Women Outperform Men in Some Financial Negotiations, Research Finds


In certain circumstances, women may be more effective than men when negotiating money matters, contrary to conventional wisdom that men drive a harder bargain in financial affairs.

WASHINGTON — In certain circumstances, women may be more effective than men when negotiating money matters, contrary to conventional wisdom that men drive a harder bargain in financial affairs, according to a new meta-analysis published by the American Psychological Association.

“One reason men earn higher salaries than women could be women’s apparent disadvantage vis-à-vis men in some types of negotiations,” said lead author Jens Mazei, a doctoral candidate at Germany’s University of Münster. “But we discovered that this disadvantage is not inevitable; rather, it very much depends on the context of the negotiation.”

Researchers examined 51 studies from several countries, including the U.S., the Netherlands, Germany, India and China, with a total of 10,888 participants, of whom 4,656 were women and 6,232 were men. The samples included business people as well as graduate and undergraduate students. The researchers found that negotiation results depended on the situation and the person involved. When women negotiated on behalf of another person, when they knew about the bargaining range in the negotiations and when they had experience in negotiating, they were better at negotiating than men, according to the study, which was published in APA’s Psychological Bulletin®.

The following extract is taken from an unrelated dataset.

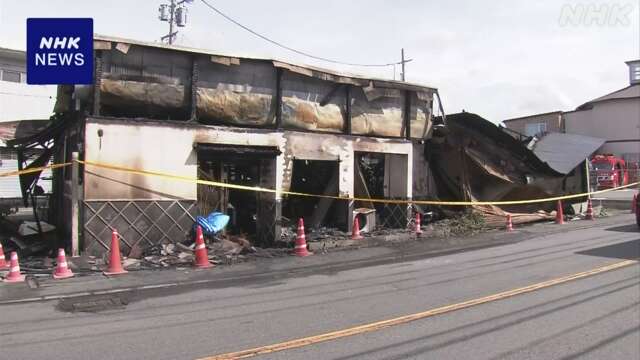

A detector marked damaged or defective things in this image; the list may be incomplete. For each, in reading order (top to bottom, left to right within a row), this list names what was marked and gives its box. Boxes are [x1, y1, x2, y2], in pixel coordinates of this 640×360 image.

burned building [12, 35, 442, 255]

Society’s beliefs about gender roles may be at the root of men’s advantage in some negotiations, the authors wrote. Previous research has found that gender roles reflect certain expectations of men’s and women’s behavior. Male gender role characteristics include behaving in competitive, assertive or profit-oriented ways, whereas the traditional female gender role has communal characteristics, such as being relationship-oriented, accommodating and concerned with the welfare of others.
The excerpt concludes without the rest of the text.